There is a misconception among some pet owners, that pet planning is as easy as including a provision in your will. The reality is, if you really want to protect your pet’s future and be assured that your wishes for your beloved friend will be fulfilled after your death or incapacity, you may need to consider other pet planning options, such as a pet trust or pet protection agreement.
What is a pet trust?
A pet trust is established and operated much like any other trust. A trust account is created with sufficient funds and other assets to provide for the support and care of your pet. The specific terms of the trust document provide the instructions necessary for the caregiver to provide care for your pet the way you desire. A trustee, assigned to manage the trust, will remain in control of the trust property, and ensure that your instructions are being followed.
Pet protection agreements are another option
Pet protection planning can be accomplished in different ways. Trusts are not the only option, other than will provisions. Another tool is the pet protection agreement, which provides a way for pet owners to determine all the terms of their pet’s future care ahead of time, without as much of the formality that comes with a pet trust. Unlike using a will, a pet protection agreement can be drafted to that it becomes effective if you ever become incapacitated and unable to care of your pet. This can be a great benefit.
How is a pet trust and a pet protection agreement different?
Both pet planning instruments provide the same ability to choose a caregiver and set out the specifics of how your pet should be cared for in the event of your death. However, there are a few differences that you should consider before deciding which method of pet planning is best for you.
First, a trust is more formal than a pet agreement. Because of the formality and complexity of trusts in general, they typically require the assistance of an attorney to draft and create. Whereas, a pet protection agreement is more affordable and less complex.
On that note, one of the things that makes a pet trust more complicated is the need to maintain trust funds. This is not required with a pet protection agreement. Instead, funds can be set aside and designated for the benefit of your pet. Since, a pet protection agreement is just as legally binding as a trust, those funds must be used solely for the benefit of the pet.
Which should I use? Pet trust or pet protection agreement?

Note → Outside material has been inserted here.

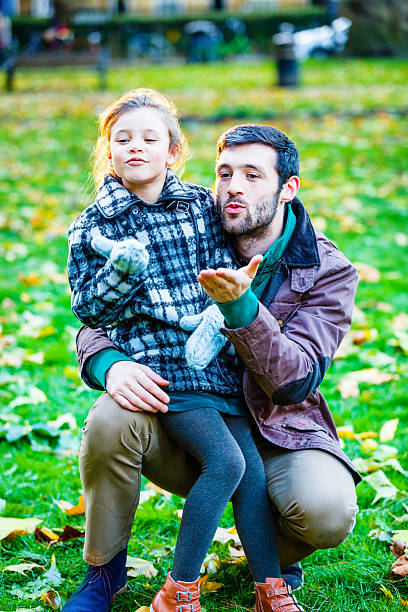 istock Father and daughter having fun in park 478260719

The choice is always yours. Since, each client’s circumstances are different, it may be a good idea to discuss your situation with your pet planning attorney to determine what you need. Generally speaking, if you plan to leave a substantial sum of money for the care of your pet, a trust is probably the best, and safest, idea. Also, if you believe your family members may potentially have a dispute with your plan, a trust may also be a better option.